Teachers of Max U note the fine points of efficiency when they should first deal with Question #1: in which settings are people most likely to have better lives?  The most noted thought experiment of our time may be John Rawls' "veil of ignorance": when considering political choices, do not think of where in the wealth distribution you are but where fate might deposit you.

Do you want to be inside or outside an exchange economy? If it's a hard choice, look at the real world and place yourself behind a veil of ignorance.

Perhaps if we taught this first and Max U second, there would be fewer grating rants about the immorality of markets.


And while we're at it. Here is how young people view socialism vs capitalism.

Sunday, August 20, 2017

Statists rule

The Economist includes a nice summary of Pigouvian taxes (or subsidies) as a straightforward remedy to the problem of uncompensated externalities. When market coordination is missing for any  reason, here is the (seemingly) simple policy fix.

But missing from the discussion (almost all such discussions) is the politics. Who administers the tax? How do they choose who and how much to tax, when and where.
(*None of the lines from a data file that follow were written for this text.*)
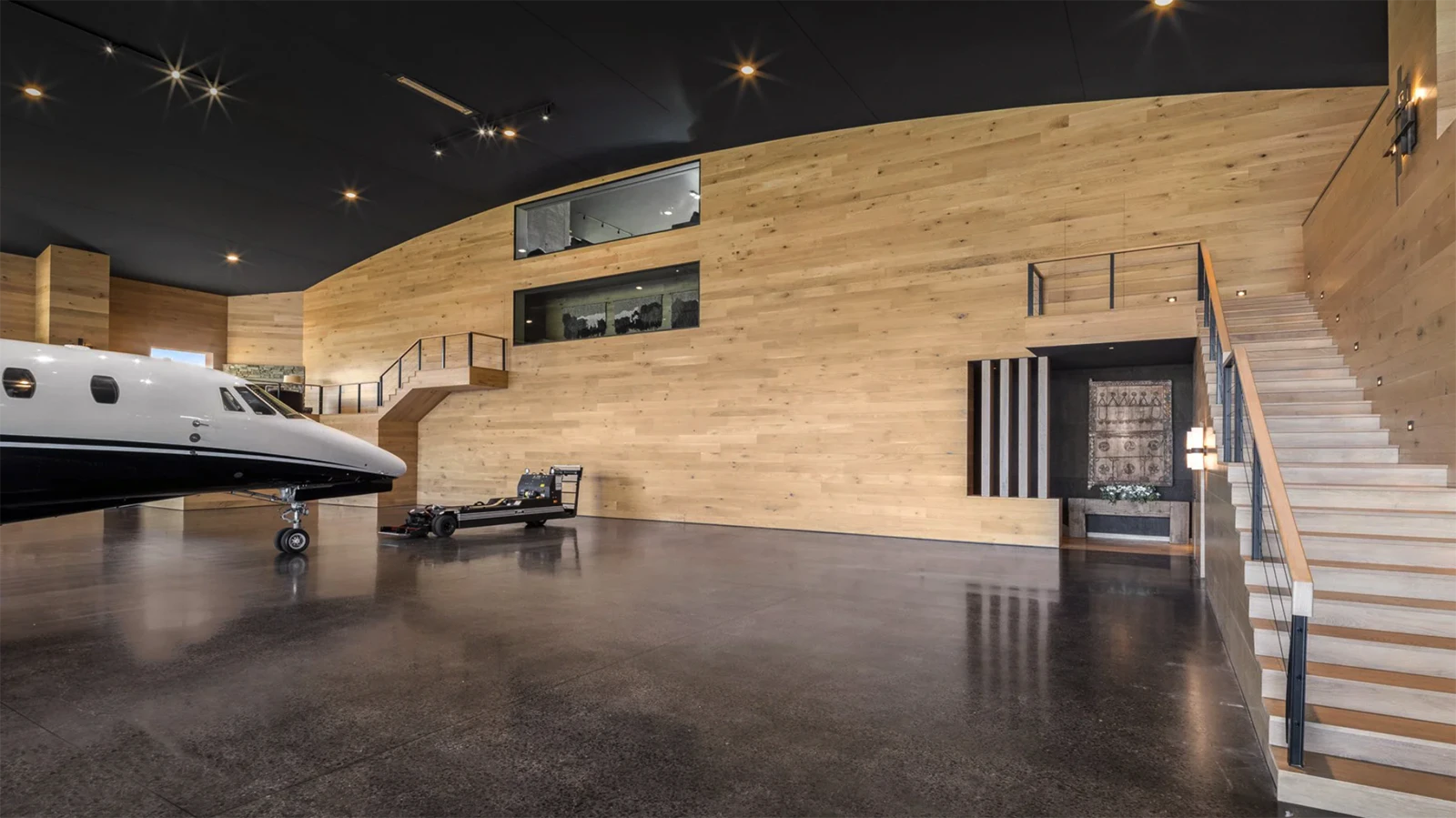 Next to the main residence is a state-of-the-art 9,650-square-foot airplane hanger with a direct taxiway to a runway. The hangar's mezzanine level is a unique space with a stone-clad fireplace and bar area perfect for entertaining.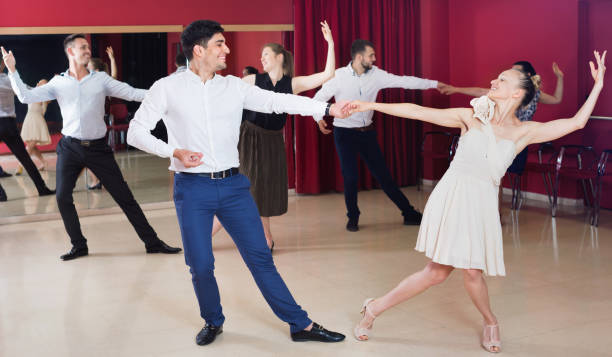 istock People learning to dance waltz in dancing class 1356404046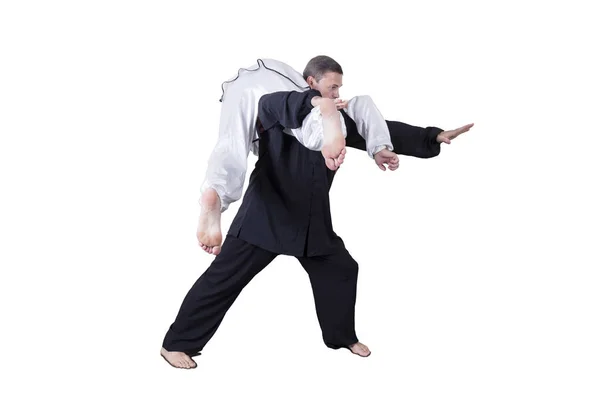 Atlet dewasa melakukan latihan goju-ryu formal . — Stok Foto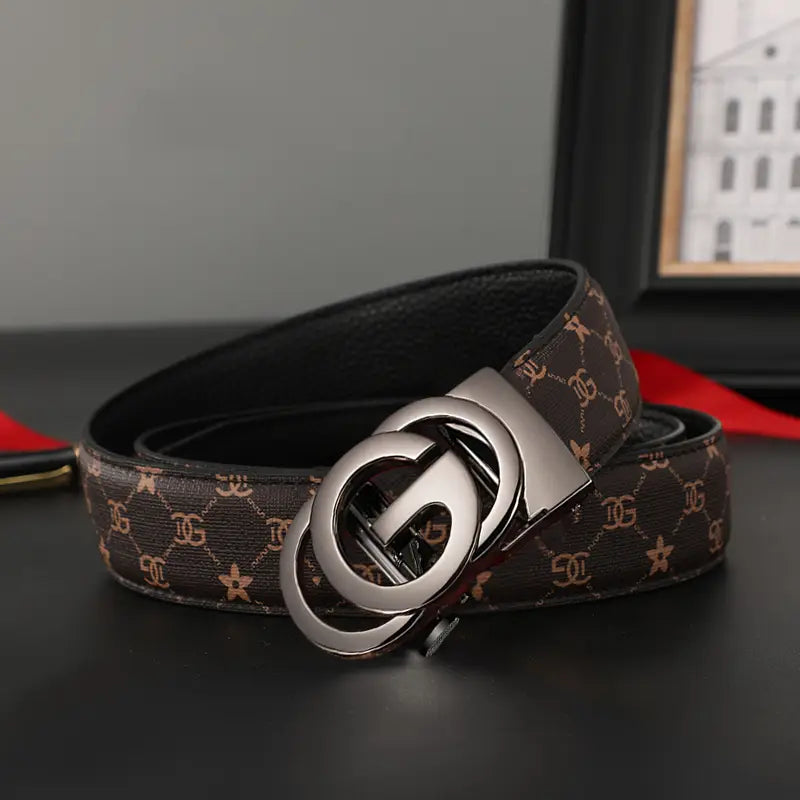Men leather automatic buckle belt in brown leather with a repeating gold-toned monogram and star pattern and a sleek silver-tone double g buckle.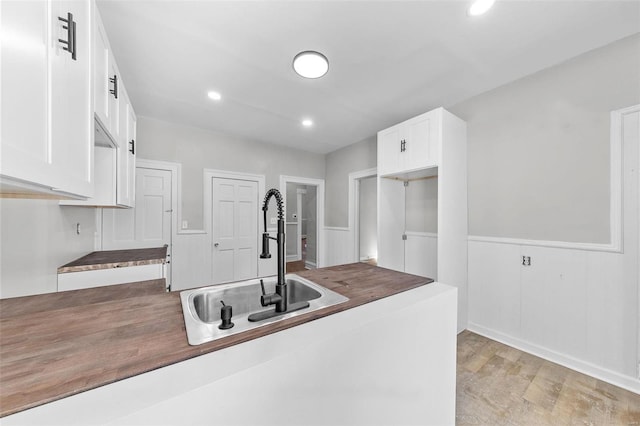 kitchen featuring recessed lighting, a wainscoted wall, a sink, white cabinetry, and light wood-style floors
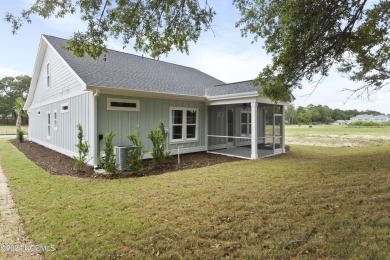 Welcome to beach life in this adorable, easy to live in home on Brick Landing Plantation Yacht and Golf Club in North Carolina - for sale on GolfHomes.com, golf home, golf lot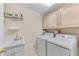 Laundry room featuring a washer, dryer, sink, and overhead storage at 362 Battle Woods Nw Trl, Marietta, GA 30064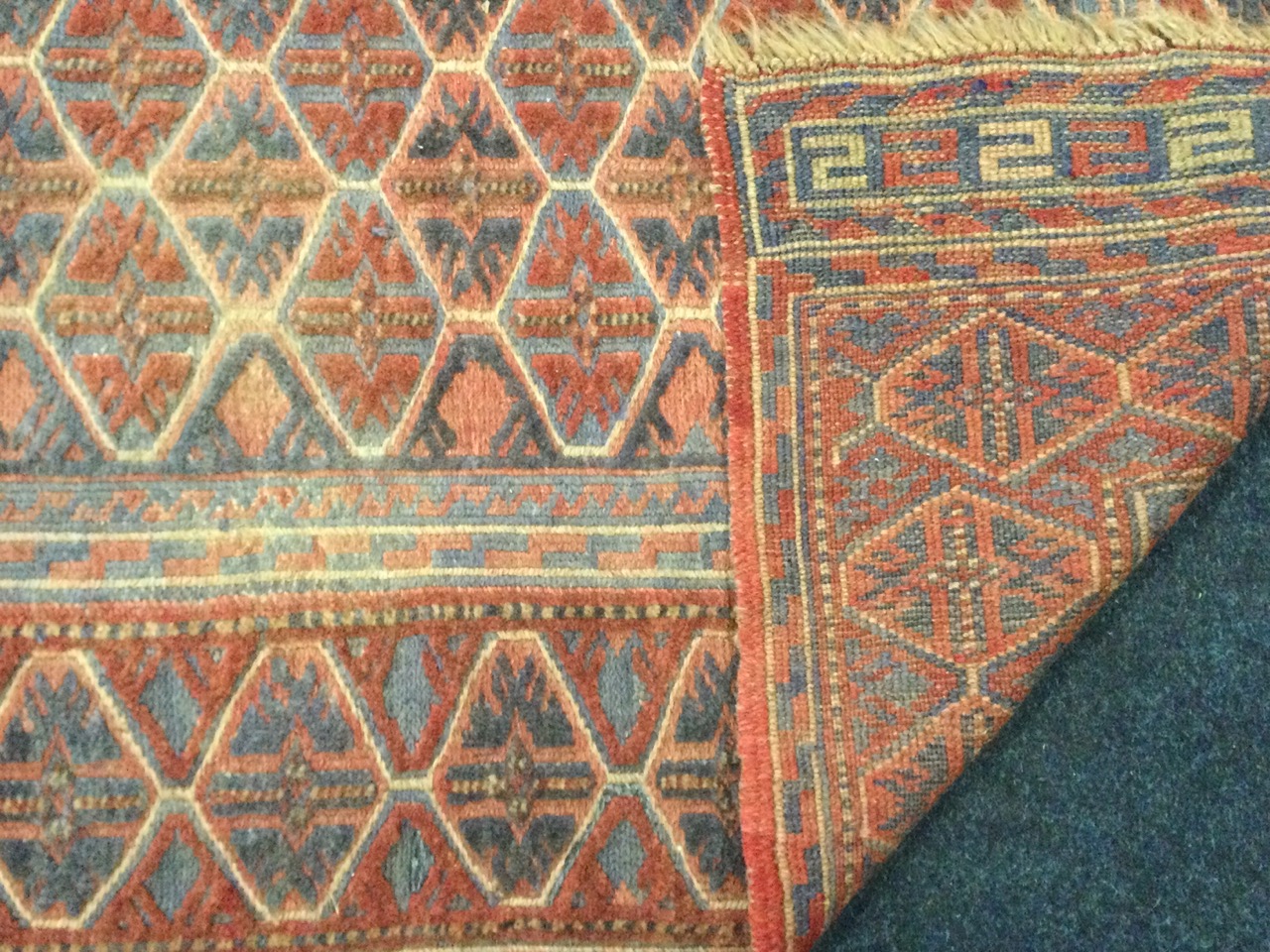 A Kurdish wool rug, the polychrome lozenge lattice field within geometric and conforming borders. ( - Image 2 of 3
Public choice economics points to a non-trivial answer:  crony capitalism and the threat of regulatory capture are always in play.

Today's NY Times Book Review includes a review of Nancy MacLean's Democracy in Chains: The Deep History of the Radical Right's Stealth Plan for America.  The print edition uses the lede, "Minority Rule: How the economist James McGill Buchanan laid out the game plan for the radical rights." This is turn-off laced with smear job. The electronic version switches to "How the Radical Right Played the Long Game and Won."

This is all bizarre and I have no plans to read the book. Don Boudreaux has been tirelessly exposing MacLean's errors and misconceptions at Cafe Hayek.

Are the problems of democracies and majorities really new and arcane for anyone?  We learn about the Bill of Rights at a very early age.  Limiting majoritarianism addresses a very old and well known problem and is not a part of some vast right wing conspiracy.

The Economist and a string of others are strangely resistant to public choice analysis, as the many discussions of the elixir of Pigouvian taxes indicates.

I do not get it. Are we to maintain a blind faith in the ability of elected officials to somehow divine the "public will"? And do so while maintaining a near-virginal innocence? And these are the people we see in the news all day?

How obsessed and blinkered a statist does one have to be to go on living and believing that way?